Is it grammatically correct for a pilot or airline cabin crew to say "welcome on board", rather than "welcome aboard?" Is there a difference?
On board describes that something is aboard a vessel i.e., the location of something or someone
Onboard is one word (sometimes hyphenated—on-board) when it comes before the noun it modifies (e.g., onboard radio, onboard computer). Elsewhere, writers usually make on board two words. For instance, one might write, “We brought a radio on board so we could have an onboard radio.” Reference Onbaord vs on board
It's rather an idiomatic phrase (or a quasi-adverb)

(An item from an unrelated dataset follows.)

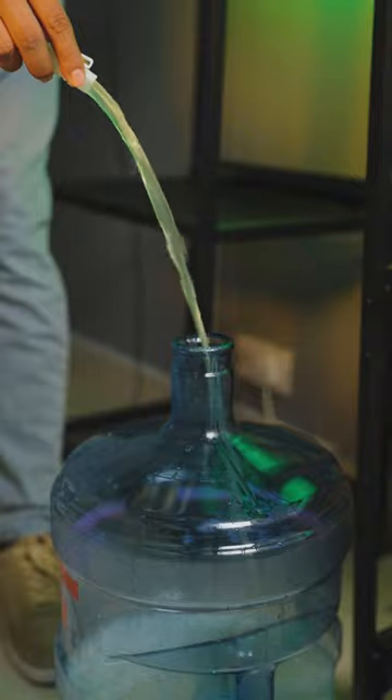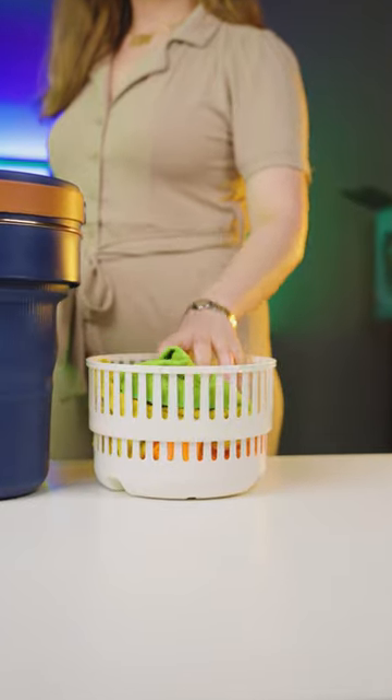The washing machine operates silently and can be used in any environment. A special product for easier washing from Green Lion.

Examples: There are no medical physicians on board. Smoking is not allowed on board.
Aboard modifies an action and is often followed by reference of the vessel, e.g. to step aboard a something.
"aboard" is only a contraction of "on board". May be pilots prefer "on board", but actually there is no difference between the two variants.
We are on board the plane because we have boarded the aircraft.
Aboard the ship, we watched the waves.
Perhaps a bit silly, but:
As you are now on board, welcome aboard the our vessel.
As you are now aboard (the vessel) let me say welcome on board!
I don't see any grammitical difference, rather it seems to be usage as Fumble (hi ya Fumble :) says. (And there's Amid ship - center of ship.)
It would be even more silly, but grammatically correct, to say:
As you are now aboard, let me say welcome aboard.
I wonder if the word 'board' derives from the planks / boards used from dock to ship to enter the vessel?
"Arrr matey, Howard, walk the plank off board!"